H U M A N I T I E S    &    T H E   A R T S

Centuries-old tapestries return to Peabody... "A Doll House," richly done... preserving Cuba's patrimony... on-line journals pay off


A triumphal return

An old friend has returned to Peabody Conservatory: Scipio Africanus the Elder.

The image of the Roman general, woven into the tapestry "The Triumphal Carriage," is back on the wall of what used to be Peabody's North Hall. The tapestry came down in 1980 for cleaning and repair, and went back up in September as part of the renovation of what is now named Griswold Hall. It graces the room along with Peabody's massive new three-story Holtkamp pipe organ.


A magisterial ride back home to Rome for Scipio
The tapestry, part of Peabody's art collection, is owned by the Maryland Commission on Artistic Properties of the Maryland State Archives. Along with a smaller companion piece, it was donated to the conservatory in 1961 by the Hearst Foundation.

The tapestries were created in the mid-to-late 1500s by the Flemish master weaver Heinrich Mattens for the king of Spain. Over the larger tapestry's expanse of 13-1/2 feet by 29 feet, Mattens portrayed the triumphant return to Rome of Scipio, after his defeat of the Carthaginian Hannibal. Scipio rides magisterially on a throne atop a carriage. More than a dozen Roman officers, standardbearers, and soldiers accompany him, carrying booty and leading bound captives. Around a bend in the road is the gateway to Rome, and in the distance are the hills of the city. Executed in greens, browns, blues, and ochers, the tableau is charged with a muscular energy.

Repairing the tapestry, and its smaller counterpart that will hang in Leakin Hall, has been the project of private conservator Julia Woodward Dippold, who has worked on them off and on for 18 years. "I truly enjoyed these pieces," she says. "The quality of the weaving is superb."

She describes working on a section involving the hands of the prisoners of war: "I had taken all the old repairs out and cleaned the area up, and had started stitching it back together again. It was like focusing a camera. With each additional slit, as it closed up, this nondescript blob came back to a very distinct hand with fingernails and joints."

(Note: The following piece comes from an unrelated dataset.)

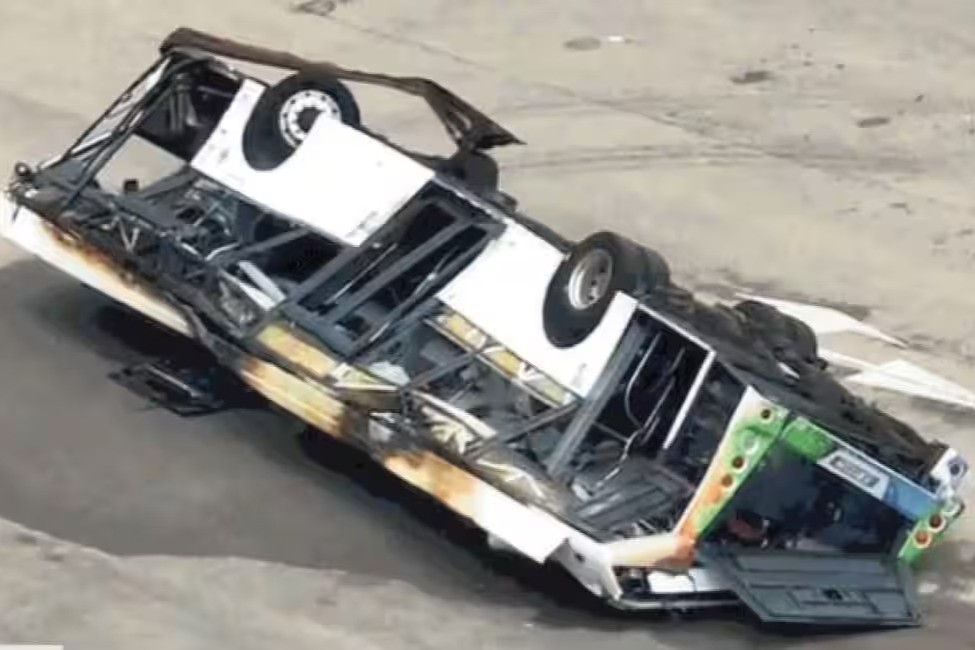 Il bus elettrico precipitato dal cavalcavia di Mestre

Several things deteriorate any old, large tapestry. Light, humidity, handling, and the stress of hanging fade and soil the colors, tarnish the metal threads employed by the weavers, and cause the tapestry to pull apart. Says Dippold, "Textiles are something that people love to touch, and it's absolutely the worst thing in the world that you can do, because there's abrasion, and transfer of oil from the hands. I must wash my hands 15 times a day [when working on a tapestry]."

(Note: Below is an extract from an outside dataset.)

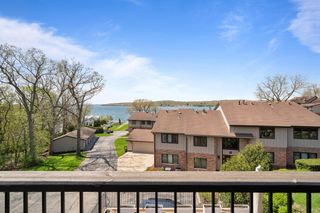 1070 S Lake Shore DRIVE #11 2-B, Lake Geneva, WI 53147
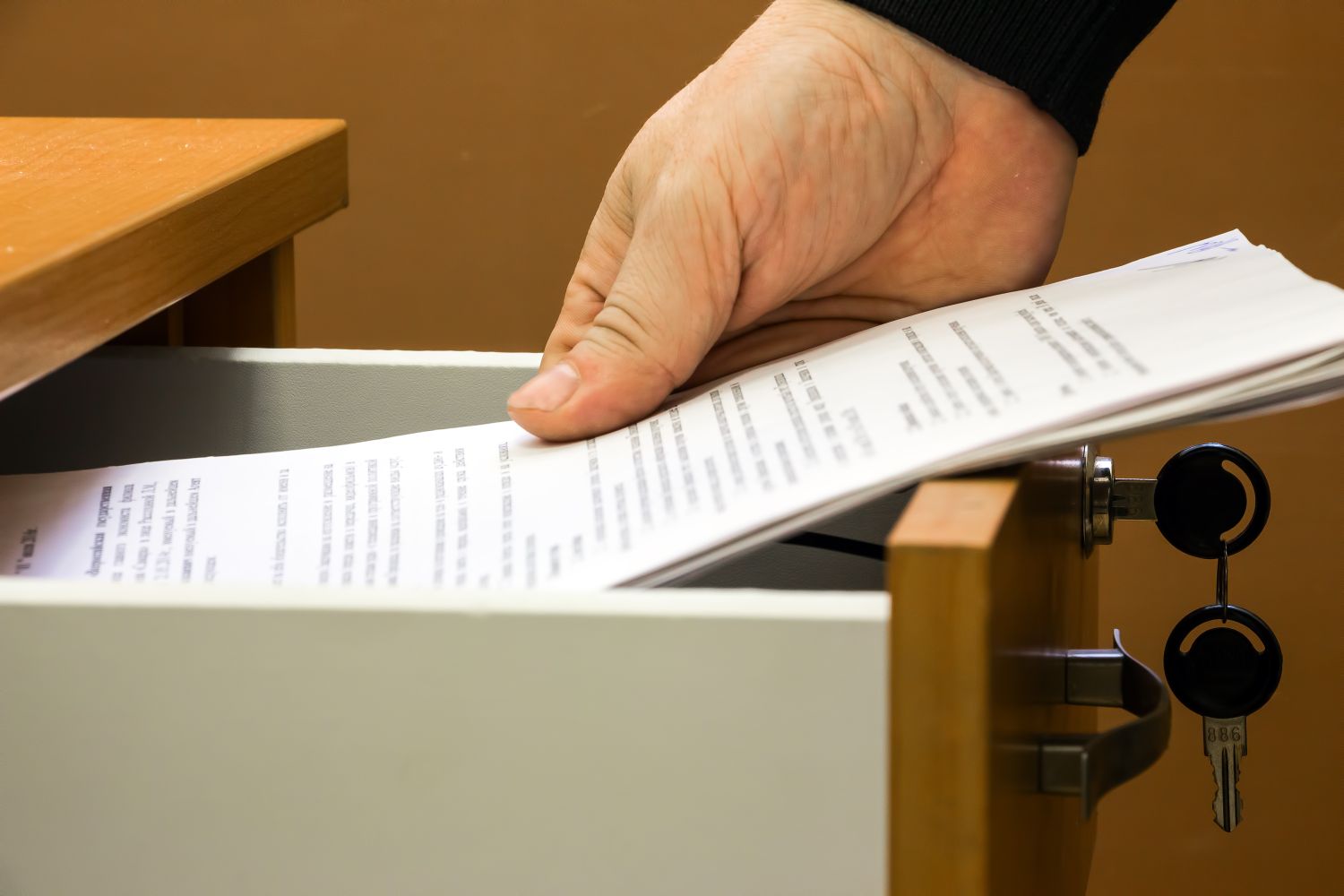 Szafki na klucze i sejfy do biura – kiedy są potrzebne i na co zwrócić uwagę przy wyborze?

The prolonged "rest" has been good for the piece, Dippold says: "It's a Catch-22. It's not good for a tapestry to hang for a long period of time, but you can't take it down and put it up, take it down and put it up. The handling is as bad if not worse than long-term exhibition."

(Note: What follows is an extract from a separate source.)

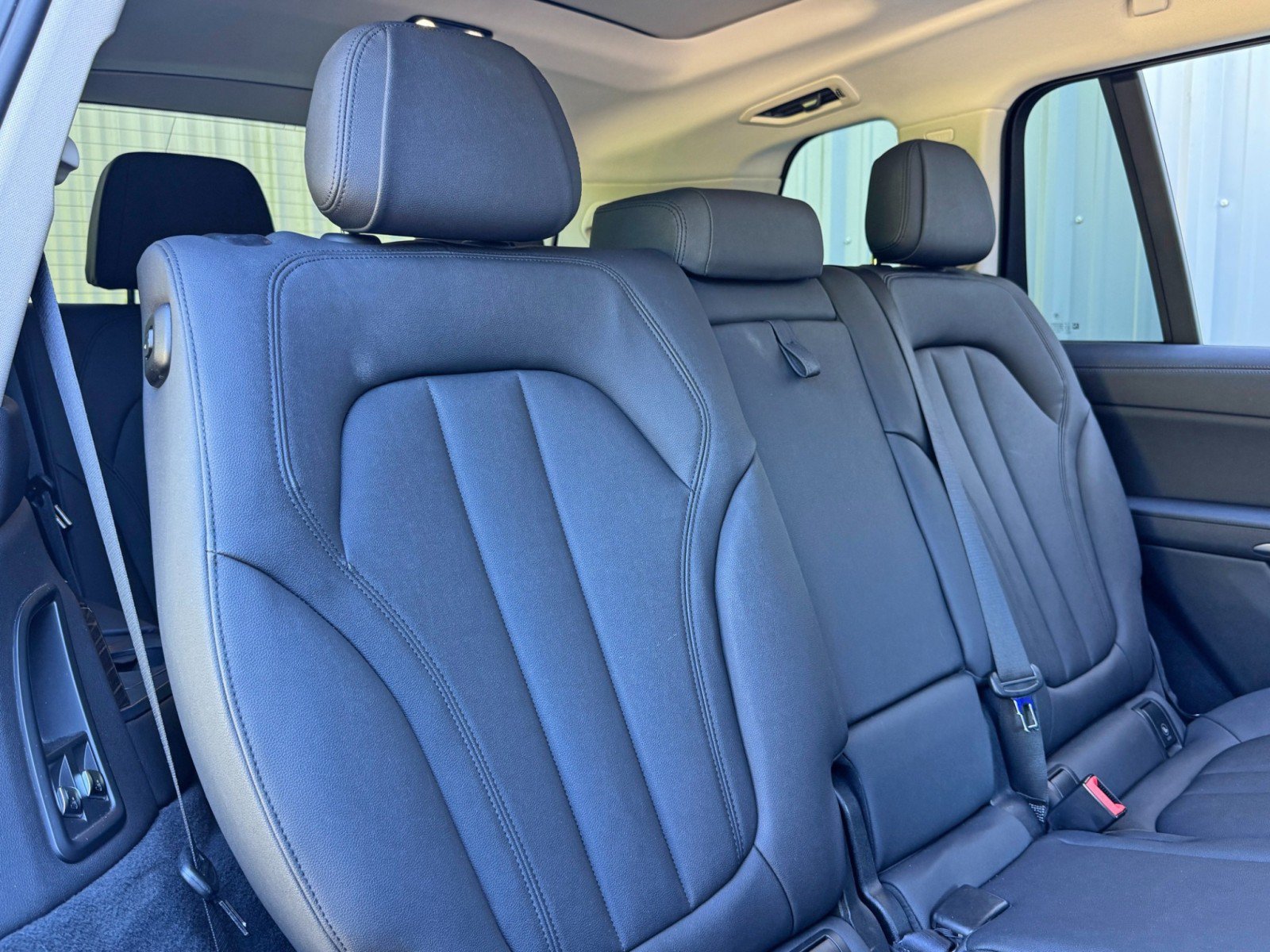 Used 2021 BMW X7 xDrive40i w/ Premium Package AWD/4WD image 38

The tapestry's warp, its horizontal threads, is wool and provides structural support; silk, wool, silver, and gold compose the weft, the vertical threads. Dippold spent much of her time conserving the structural soundness of the piece. The tapestry was remarkably intact, she says, in part because of the large volume of gold and silver thread that provides support within the weft. One of her principal tasks was to resew the slits between the end of one area of color and the beginning of another. Over time these slits come apart and must be repaired, work that used to be done in the weaver's workroom as part of regular maintenance. Dippold also cleaned the piece, using a special light-suction vacuum.

The piece retains much of its original aspect, Dippold says. The biggest change wrought by time and the elements has been the tarnishing of its silver thread. This is most noticeable on the rumps of the procession's horses. "When it was originally done," she says, "all of the silver would have just been gleaming."

Dippold worked by hand, inch by painstaking inch. Only a fraction of the work was visible at a time. After the tapestry went back up on the wall, she says, "It was nice to see the whole thing again."

As large as it is, "The Triumphal Carriage" weighs only 200 pounds, Dippold estimates. And how does one affix a 16th-century tapestry to the wall? By means of a 20th-century invention: Velcro. --DK



Building a better "Doll House"

Since it was written 120 years ago, Henrik Ibsen's A Doll House (or A Doll's House--pick your translation) has had life on the page, the stage, movie screens, and television. A group of Hopkins faculty and students now has applied information technology to combine all those media on a CD-ROM. Titled A Doll House, the compact disk presents the text of the play within a rich context of historical information, critical commentary, and varied theatrical and cinematic productions. The CD-ROM is the first of the Johns Hopkins University Digital Drama Series.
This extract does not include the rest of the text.